The other side is far from perfect, but at least speaks to the issues of import and have actually helped pass a few key pieces of legislation at the federal level. Yet, they have some blind spots as well, one of which is dealing with the debt and deficit. Yet, before the other side gets too smug about this issue, they have done a poor job of dealing with it as well. In fact, outside of some deficit relief in the Inflation Reduction bill, the only major piece of deficit reduction was in a sequestration fall-back that kicked in when Congress could not agree on a budget about nine years ago.

So, voters it is well within our rights and even duties to ask “what do you plan to do about it?” And, when the answer is not given, ask it again. If the answer is to blame someone, maybe we should just say “if you don’t have any ideas, maybe you should step aside and let someone else have a crack at it.”

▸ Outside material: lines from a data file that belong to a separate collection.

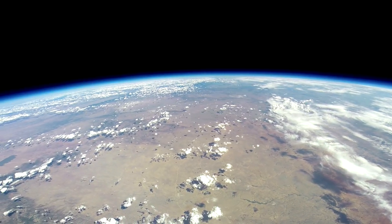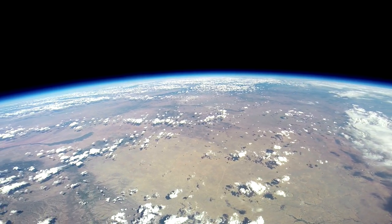Worldview is about giving people that incredible perspective of seeing the Earth that we live on as a globe and the blackness of space.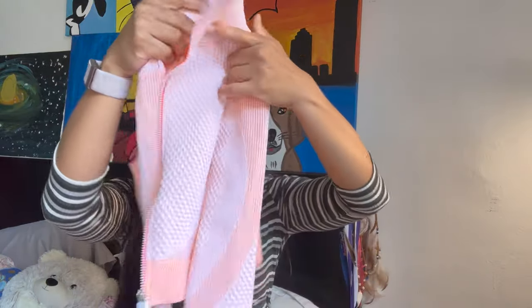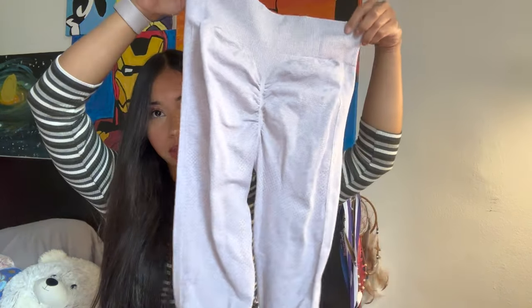This athletic brand called Peachy sent me two cute sets that I picked out myself. I got this pink one that comes with a really cute sweater and sports bra. And then I also picked out this purple one. This is the back of the purple leggings, and the leggings don't come with a sports bra — this one only comes with a cute jacket.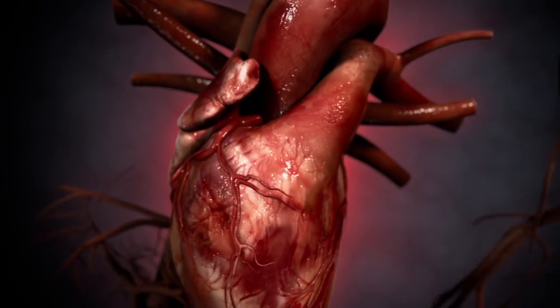When you're in utero, before you're born, everybody's got a hole in the heart. It's important, so blood can bypass your lungs, because they haven't filled with air yet, so blood won't go through them. Right when you take your first breath, a flap closes down on that hole, and in a week or two, it has grown closed in three-fourths of us. In one-fourth of us, it's still a connection.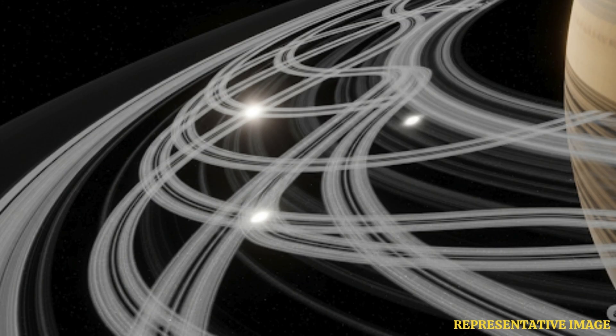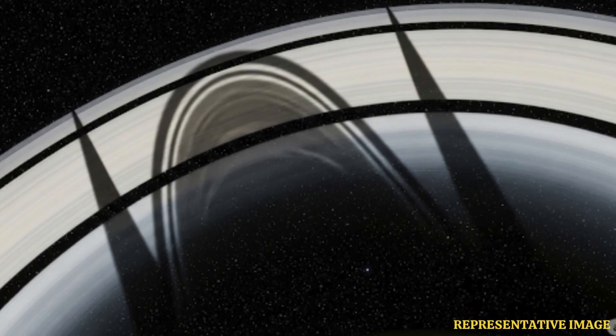Voyager 1 revealed that Saturn's rings aren't uniform. Instead, they contain thousands of tiny ringlets and gaps, with variations in particle density. These observations helped scientists understand how gravitational forces shape the rings.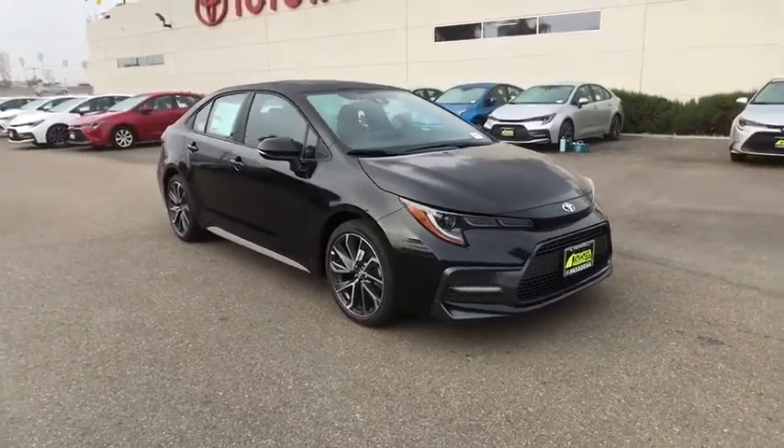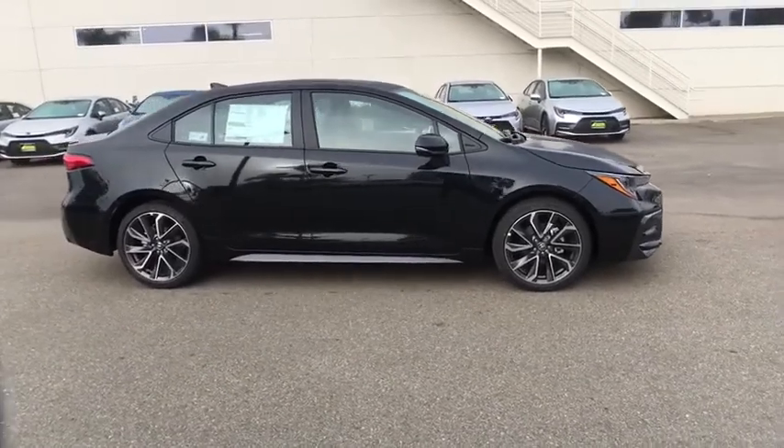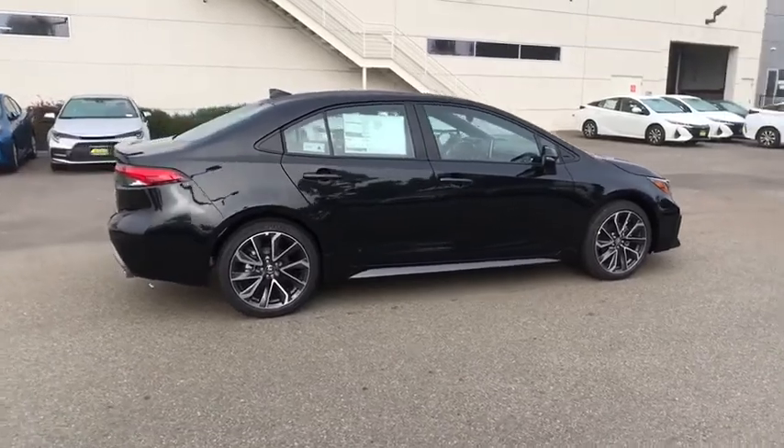Come test drive the 2020 Toyota Corolla. The Corolla is still a great option for those who want dependability, comfort, and value. Here are some of this vehicle's great options.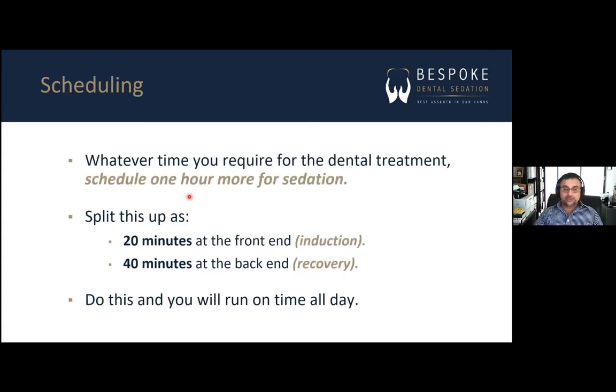For scheduling, the general rule is: whatever time you require for the dental treatment, add one more hour for the sedation. Split that extra hour into two: 20 minutes at the front end for induction and 40 minutes at the back end for recovery. It usually doesn't take this long, but they're buffers. Over 14 years, I can tell you that if you do this, you will basically run on time all day long.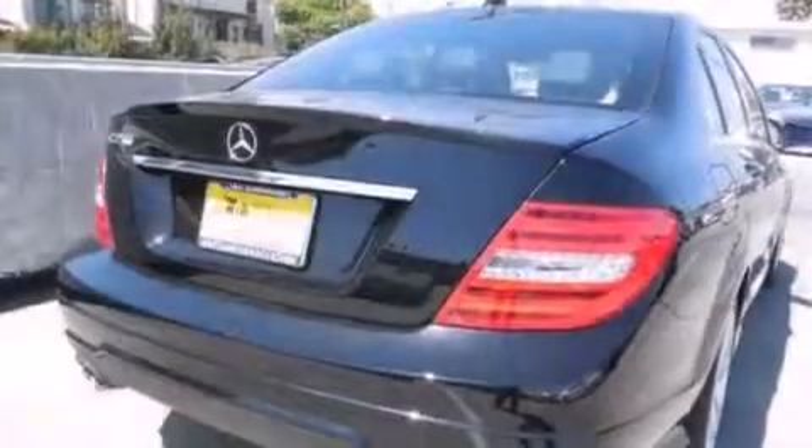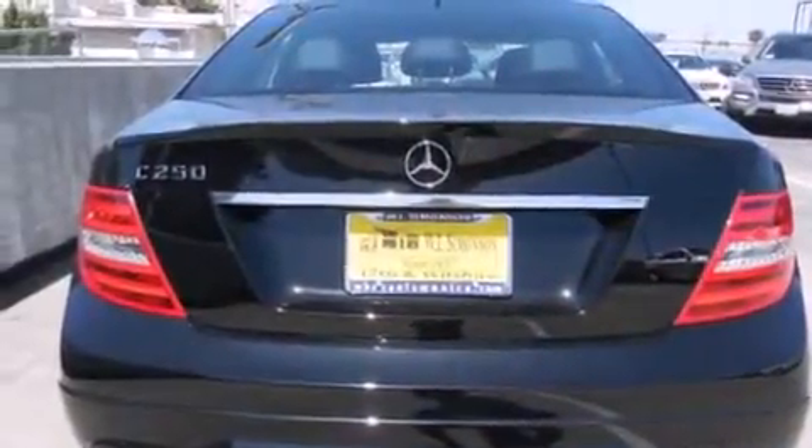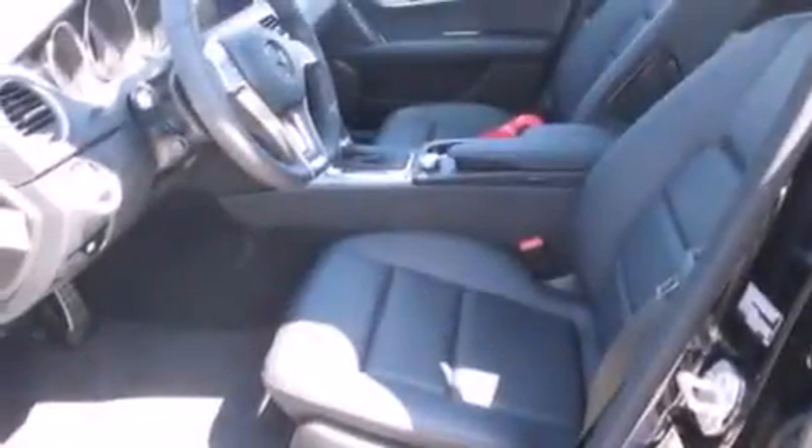Its top features and packages include the Premium One Package, the Multimedia Package, a Navigation System, a Rearview Camera, Keyless Go, a Power Moonroof, Heated Seats, Blind Spot Assist, Cirrus Satellite Radio, and Lane Keeping Assist.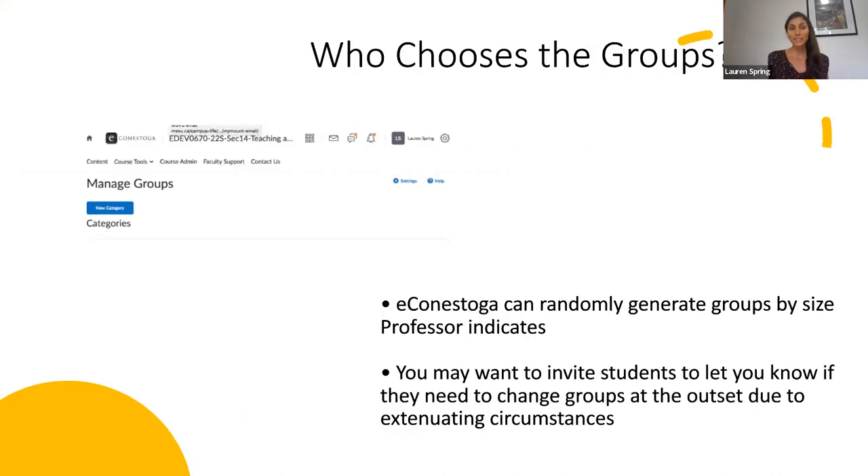Econestoga has a feature that can randomly generate groups according to the size that you indicate. I would suggest using this tool. It helps because if students are self-selecting, they might choose to go with their friends or roommates and you don't get that mix that gives you the full benefit of group work. It would also leave some people out — there's always going to be a student or two who isn't selected or is selected last. That said, you might also let students know that if there's some extenuating circumstance that makes it very difficult for them to work with someone they've been assigned, they can come to you and you might have to shift a few things behind the scenes.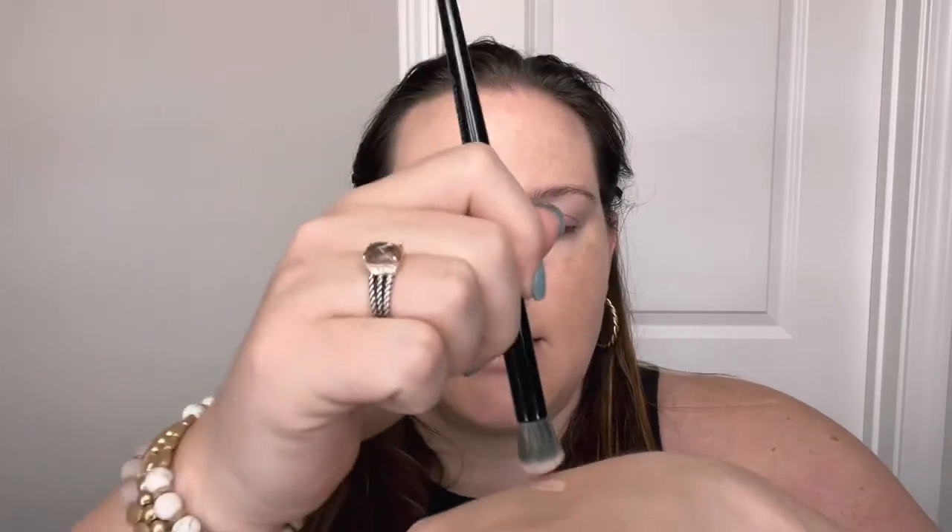I just used my Ulta Beauty under eye concealer on my eyes — it's got a little bit of caffeine, which helps with puffiness. Now I'm going to take my ELF hydrating camo concealer in the shade fair beige and put some on the back of my hand so I can control the application under my eyes, because I get really bad creasing. That way I can just tap it on and it helps control some of the creasing.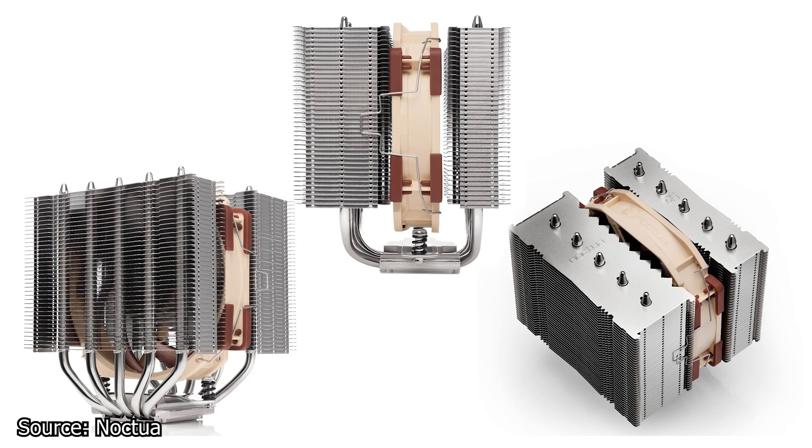In addition to being smaller, the NH-D12L has an asymmetric design which will improve the clearance for the RAM modules of the system. The NH-D12L is already available for purchase for $89.90 USD, while the NF-A12X25R round frame 120mm fan is available for $29.90 USD.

24 thoughts on “The Blame Game

  1. You are spot on. The trouble is that a substantial portion of the voters don’t bother to take the time to understand the issues, but rather listen to the loudest voices, voices that drown out all others. It’s easier, I suppose, to go along with those loudest voices than it is to actually study and try to understand the issues so as to make informed choices at the ballot box. Until we find a way to convince people that their vote is a serious responsibility and that they should devote some time and energy to researching the candidates and issues, voters will keep electing those who place their personal well-being ahead of the nation’s. And as long as politicians can keep the voters in the dark, as long as they are not held to account for their actions, they will keep on doing what they do, keep on being a reverse Robin Hood, robbing from the poor to give to the rich.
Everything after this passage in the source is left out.